Seeing Trees or a Forest?


Fiji Village reports a landmark ruling by the Suva High Court, which has given the landowners of a Serua Mahogany plantation the ability to apply for a forestry harvest license.

This is the excerpt of the Fiji Village article:



Serua Mahogany Landowners Entitled Harvesting License

By fijivillage
Jan 19, 2007, 17:19

In a bench mark ruling, the Suva High court yesterday ordered that Serua mahogany landowners are entitled to a license to harvest their own mahogany.

High court judge Jiten Singh ruled that they are now entitled to a license from the Native Land Trust Board to harvest mahogany planted on their land after the mataqali Naua applied to the NLTB for a license to log the mahogany which was denied.

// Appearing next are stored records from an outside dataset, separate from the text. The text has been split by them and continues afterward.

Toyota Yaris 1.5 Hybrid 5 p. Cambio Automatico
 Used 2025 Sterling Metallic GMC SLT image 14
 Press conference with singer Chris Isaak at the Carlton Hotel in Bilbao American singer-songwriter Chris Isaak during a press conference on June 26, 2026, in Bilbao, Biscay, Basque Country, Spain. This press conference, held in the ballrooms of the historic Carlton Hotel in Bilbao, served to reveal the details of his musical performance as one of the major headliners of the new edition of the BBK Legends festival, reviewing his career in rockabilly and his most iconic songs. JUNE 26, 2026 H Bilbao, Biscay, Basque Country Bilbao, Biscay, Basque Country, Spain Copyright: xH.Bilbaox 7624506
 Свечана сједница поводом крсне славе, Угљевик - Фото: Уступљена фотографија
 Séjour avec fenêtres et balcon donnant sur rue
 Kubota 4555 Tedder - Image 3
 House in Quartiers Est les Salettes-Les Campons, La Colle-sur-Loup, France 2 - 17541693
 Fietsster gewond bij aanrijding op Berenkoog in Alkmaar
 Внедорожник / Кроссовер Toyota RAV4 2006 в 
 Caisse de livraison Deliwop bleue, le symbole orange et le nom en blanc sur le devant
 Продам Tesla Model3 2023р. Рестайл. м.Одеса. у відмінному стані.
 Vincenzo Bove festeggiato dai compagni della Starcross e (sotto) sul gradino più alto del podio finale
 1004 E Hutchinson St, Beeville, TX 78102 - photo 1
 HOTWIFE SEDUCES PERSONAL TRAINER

In his judgment Justice Singh highlighted that the evidence before him indicates that the financial benefits to the landowners are far superior if they log their own mahogany since they have ready buyers for their products

Lawyer representing the landowners Isireli Fa said they have already negotiated a price for the mahogany which is estimated to earn the landowners $1.8 million after costs of extraction.


Prior applications filed by the landowning unit, was understood to have been denied by the agency responsible for indigenous land in Fiji, the Native Lands Trust Board (N.L.T.B).

This court ruling has also inextricably set up a new paradigm, allowing other native landowning units to contest the multitude of resources available on their ancestral land. This new found ability, further underscores the inability of the Great Council of Chiefs (GCC) to achieve such empowering actions, for the people that they supposedly spoke for.

Another contention is that, why these avenues of livelihood were denied in the first place by the N.L.T.B? The agency charted with responsibility of acting and managing these prime acreages of real estate, with the best interest of the landowners in mind; only had dubious intentions, well embedded in greed and subterfuge.

This court ruling has also confirmed firmly held suspicions that, these native institutions were created for the sole purpose of benefit ting this minority indigenous elite in Fiji. The unintended consequences of the agenda driven influences from a clumsy aristocratic hierarchy was, the political dramatization of class warfare in Fiji, resulting in a track record of coups.